Las diferencias con un funcionario catalán van desde los 1.600 euros anuales en un puesto de oficinas hasta los 25.000 de un jurista o un director de prisión. Sacando una media del montante total, dejando a un lado las numerosas categorías, un funcionario destinado en Cataluña gana 750 euros más al mes que uno destinado en otra comunidad española. "El que vigila a Oriol Junqueras en Cataluña [ahora está en Lledoners, en Sant Joan de Vilatorrada]gana 750 euros más que el que vigila a alguien de la Gürtel en Estremera", dice gráficamente Ayala. Para superar estas diferencias, reclaman entre 150 y 160 millones de euros más, una cuantía "pequeña", que puede arañarse incluso de los fondos de la propia secretaría general, sin dedicar partidas extraordinarias. "Es una cuestión contable... y de voluntad", explica el portavoz sindical.

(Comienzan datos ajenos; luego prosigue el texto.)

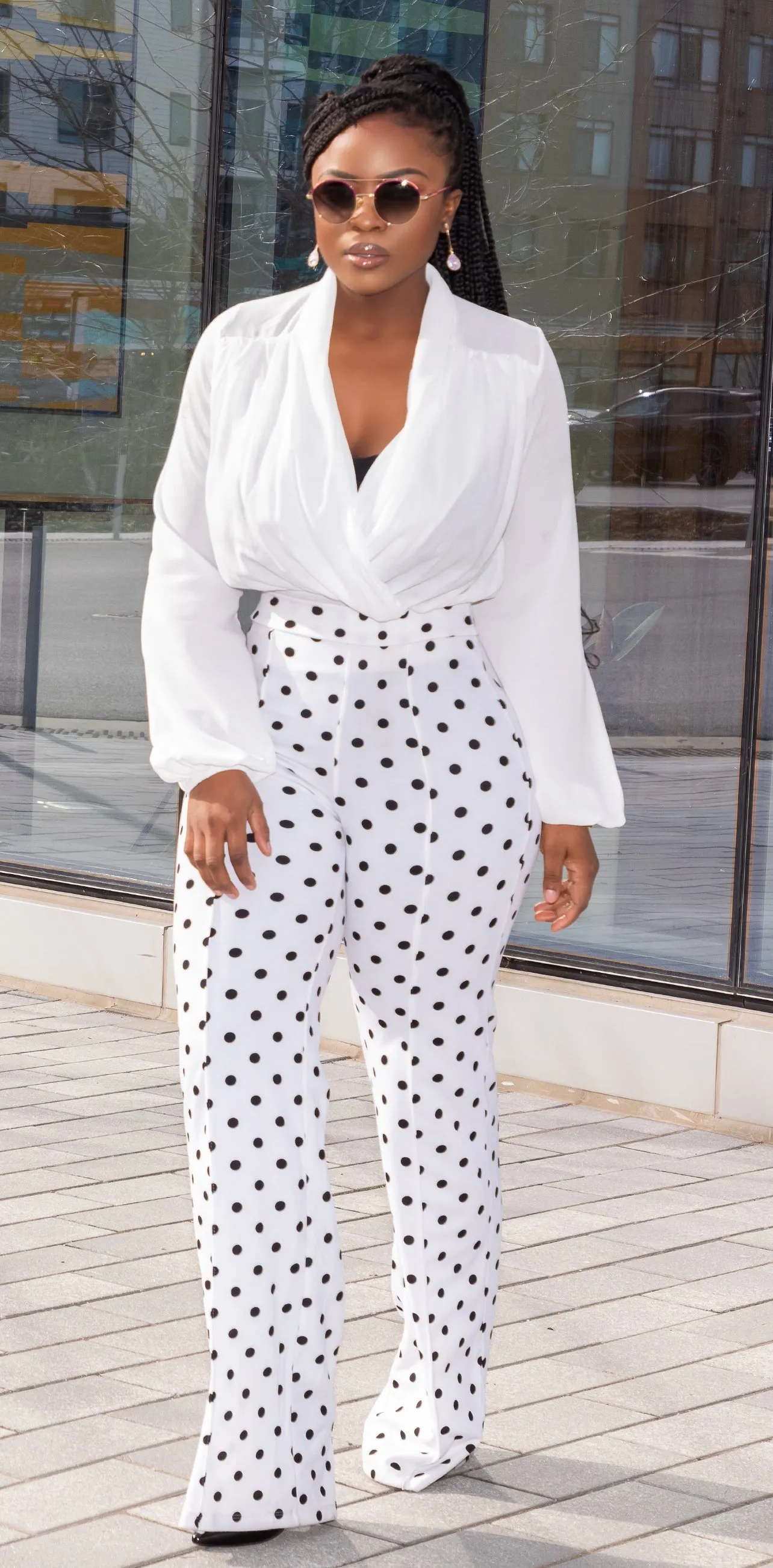 CHIFFON BODYSUIT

Además, los funcionarios de prisiones están dando la pelea para que se revisen las cinco categorías o grupos profesionales que tienen. Actualmente, hay una categoría intermedia, denominada B, que no "tiene contenido", y quieren que ahí se pase a los trabajadores de la categoría C1, para la que ahora se pide bachiller superior, en la que está en grueso de la plantilla (unas 19.000 personas). Eso significa que se pediría una titulación de técnico superior para acceder a la oposición y que los trabajadores tendrían un aumento en el sueldo base (de 734 a 855 euros) y una mejora cuando pasen a la jubilación (de 24.500 euros anuales a 27.900).

En la mesa de negociación abierta con el Gobierno, la cobertura de las vacantes es otro de los asuntos troncales. El CSIF sostiene que calculan que hay 3.500 las plazas sin cubrir, aunque oficialmente se reconocen 2.554. "Cubrirlas significa mayor seguridad al trabajar, menos agresiones y mejores prestaciones", dice tajante.

Abrir otra cárcel que está pendiente en Soria o acabar la de Siete Aguas, en la Comunidad Valenciana, ayudaría también, dicen, a superar el problema de hacinamiento actual. Ya no es tan complicado como hace unos años, afinan, pero sigue habiendo "sobreocupación". "Ya no hablamos del ideal que marca la norma, que es un interno por celda; se entiende y se da por hecho que va a haber dos en cada una, así que las prisiones que de partida están programadas para tener unos mil reclusos, es fácil que superen la cifra. Hablamos de sobreocupación no cuando hay poco más de mil, sino que llegamos a 1.500 o 1.600. Claro, si entran dos presos en cada celda, sí, pueden llegar a 2.000, pero oiga, la prisión ya está superando lo previsto", detalla. Con esos datos, la ratio es de cien internos por funcionario, con dos o tres funcionarios por módulo. "La vida real es más dura que los números, que quedan bonitos sobre el papel", se queja.

A su vez, quieren que deje de externalizar la vigilancia perimetral de las prisiones con guardias privados, que cuestan 33 millones al año y que duplican o hasta triplican las labores de la Guardia Civil y la Policía Nacional, con el "derroche de gasto" que supone. Ese solapamiento de personal viene, explica, del fin de las escoltas para los amenazados por ETA en toda España, a los que había que "recolocar". ¿No es complicado coordinar todo eso? "Bueno, sería complicado si hubiera una coordinación -responde irónico Ayala-. Sólo hay acumulación".

Y la renovación tiene que llegar, "sí o sí", hasta al uniforme. Las instalaciones son cada día más modernas, dice CSIF, pero de poco vale si no se tiene lo esencial: la protección con que un funcionario se enfrente a cuerpo a un recluso. El uniforme es "de risa", denuncia. Si los policías van pertrechados a detener a estos criminales peligrosos, luego en la prisión no hay nada de nada. "Frente a los cascos, los chalecos reforzados, los guantes... está nuestra gente, con su polo y su pantalón y sus zapatos. Ese es su escudo". Existen unos extra para casos de intervención especial -"medios coercitivos" se llaman-, que se han mejorado recientemente, pero a veces no son compatibles con una intervención rápida porque tarda mucho en colocarse. Piden, por ejemplo, unos guantes anticorte para cacheos. A veces se ponen de plástico, como los de las fruterías, y encima los oficiales, para que escurra la hoja, pero con una jeringuilla o una cuchilla, no se evita el daño.

Que no, que no viven en un decorado de Celda 211, pero que necesitan "un poco más de atención y de comprensión" para que la realidad no supere a la ficción.